Environ 25 000 Grecs ont protesté contre la visite d’Angela Merkel, la chancelière allemande, à Athènes, la première depuis le début de la crise de la zone euro. Pour ces manifestants, pas de doute : la responsable de leur situation dramatique est l’Allemagne, ce nouveau Reich accusé de saigner leur pays. Des drapeaux nazis ont été brandis, des manifestants ont même arboré l’uniforme de la Wehrmacht.
Cette démonstration, qui n’est pas une première depuis le début de la crise grecque (Merkel a souvent été caricaturée en Hitler), est intéressante parce qu’elle révèle une certaine mentalité. Car on peut chercher dans les autres pays en difficulté financière, que ce soit au Portugal, en Irlande, en Espagne, en Italie ou à Chypre, on ne trouve nulle part de telles démonstrations de germanophobie délirantes.

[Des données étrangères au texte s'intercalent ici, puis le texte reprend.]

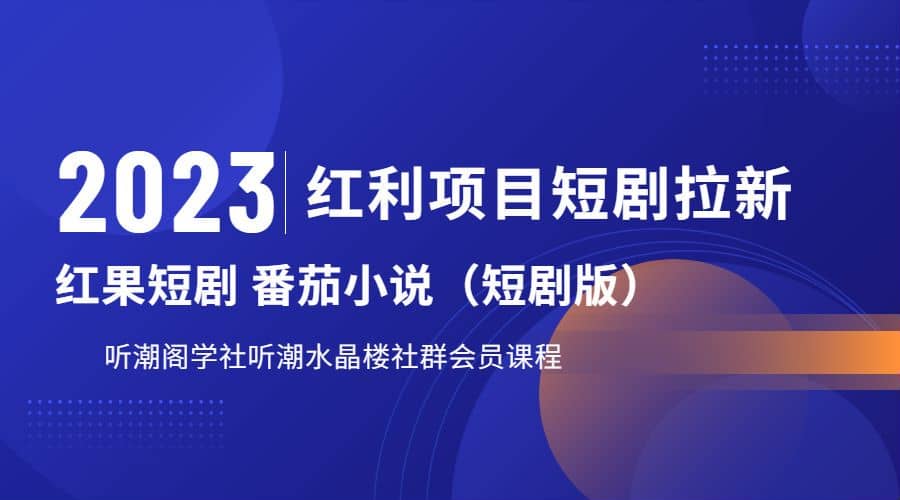 听潮阁学社月入过万红果短剧番茄小说CPA拉新项目教程-九章网创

Les Grecs doivent payer l'addition

C’est ce qui distingue radicalement la Grèce de ses partenaires : une partie de la population, certes encouragée par ses politiciens, préfère rendre l’étranger responsable de ses problèmes plutôt que de se remettre en question. Il est vrai que bouc émissaire vient du grec ancien "bouc à Azazel". Ainsi, au printemps 2010, le vice-premier ministre grec, le socialiste Theodore Pangalos, a rappelé que l’Allemagne n’avait jamais payé ses dettes de guerre à la suite de l’occupation nazie du pays. En décembre de la même année, le secrétaire d'Etat aux finances, Philippos  Sahinidis, a chiffré la dette allemande envers son pays à 162 milliards d'euros. Bref, l’Allemagne doit payer pour aider la Grèce, car c’est elle qui est débitrice.

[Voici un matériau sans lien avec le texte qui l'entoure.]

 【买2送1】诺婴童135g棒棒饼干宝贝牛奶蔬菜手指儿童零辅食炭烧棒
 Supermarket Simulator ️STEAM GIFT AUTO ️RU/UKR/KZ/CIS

Après trois ans de crise, une partie de la société grecque refuse donc d’admettre qu’elle ne doit sa situation qu’à elle-même. Personne n’a imposé aux Grecs l’un des Etats les plus corrompus de la planète. Personne ne les a forcés à des dépenses militaires délirantes, à exonérer d’impôts clergé et armateurs, à laisser la majorité de la population frauder le fisc, à mentir pour se qualifier pour l’euro, à s’endetter jusqu’à plus soif, à laisser dériver les salaires, à ne pas profiter des bas taux d’intérêt de leur dette pour investir dans leur économie, etc., etc. On peut certes reprocher aux Européens d’avoir fermé les yeux sur ces dérives connues de tous. Mais les Grecs ne sont pas des grands enfants.

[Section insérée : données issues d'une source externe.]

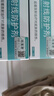 比亞芬旗艦店放療乳膏醫用射線(xiàn)防護噴霧劑放射治療皮膚前后損傷三乙醇胺 涂劑50g【減輕延緩放射皮膚損傷】 曬單實(shí)拍圖
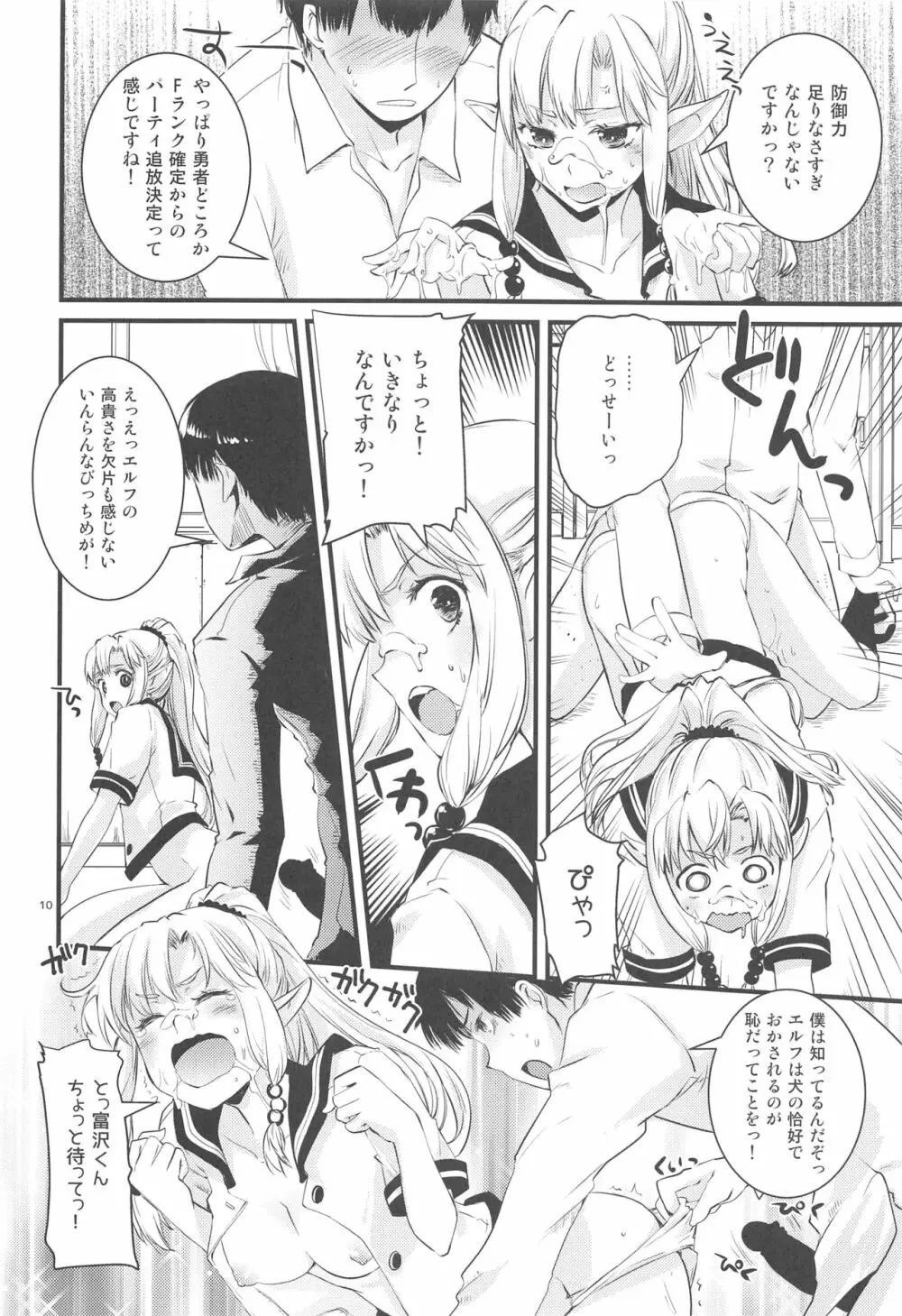 ひみつのえるふちゃん Page.9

Aujourd’hui que les marchés ont brûlé ce qu’ils ont aimé, les Grecs doivent payer l’addition. C’est désagréable, nul ne le conteste. Pas plus que personne ne conteste que la potion administrée ne l’est pas forcément avec douceur, mais la zone euro n’a pas l’expérience de ce genre de situation et a sans doute fait des erreurs en exigeant trop d’un pays sans Etat. Tout comme l’Allemagne, qui a rechigné à aider la Grèce au début de la crise, a sans doute concouru à son aggravation.

Une poignée de crétins

Mais la zone euro et l’Allemagne ont finalement répondu présents : 240 milliards d’euros d’aide (sous forme de prêts) qui ont permis à la Grèce d’honorer ses échéances, auxquels se rajoutent plus de 50 milliards d’obligations grecques rachetées par la Banque centrale européenne, la plus grande restructuration de dettes de toute l’histoire moderne, 15 milliards d’euros d’aide financière sur deux ans, une assistance technique (européenne et bilatérale dont allemande) sans précédent pour aider à la construction d’un Etat moderne, etc.
L’alternative ? Il n’y en pas de moins douloureuse. Les Grecs, dans leur très grande majorité, ne veulent d’ailleurs pas quitter la zone euro, car ils savent qu’une faillite pure et simple serait infiniment plus douloureuse que le traitement qu’ils subissent.
En se rendant à Athènes, dans un geste spectaculaire, la chancelière reconnaît les efforts accomplis par le gouvernement Samaras et vient affirmer qu’elle ne souhaite pas (plus ?) la sortie de la Grèce de la zone euro, alors que son opinion publique y reste favorable. Alors, brandir des drapeaux nazis est non seulement indigne, mais imbécile et ne peut qu’envenimer la situation : les Allemands, dont la démocratie est l’une des plus exemplaires du monde, ne vont guère goûter d’être ainsi ramenés une nouvelle fois au nazisme par un pays qui n'est pas un exemple de démocratie.
On peut se rassurer en pensant qu’il n’y a finalement eu que 25 000 manifestants et une poignée de crétins brandissant des drapeaux nazis (dans un pays qui a envoyé un groupuscule néonazi au Parlement, ce qui est savoureux). A tout le moins, cela devrait encourager la Grèce à se doter d’une législation punissant ce type d’appel à la haine.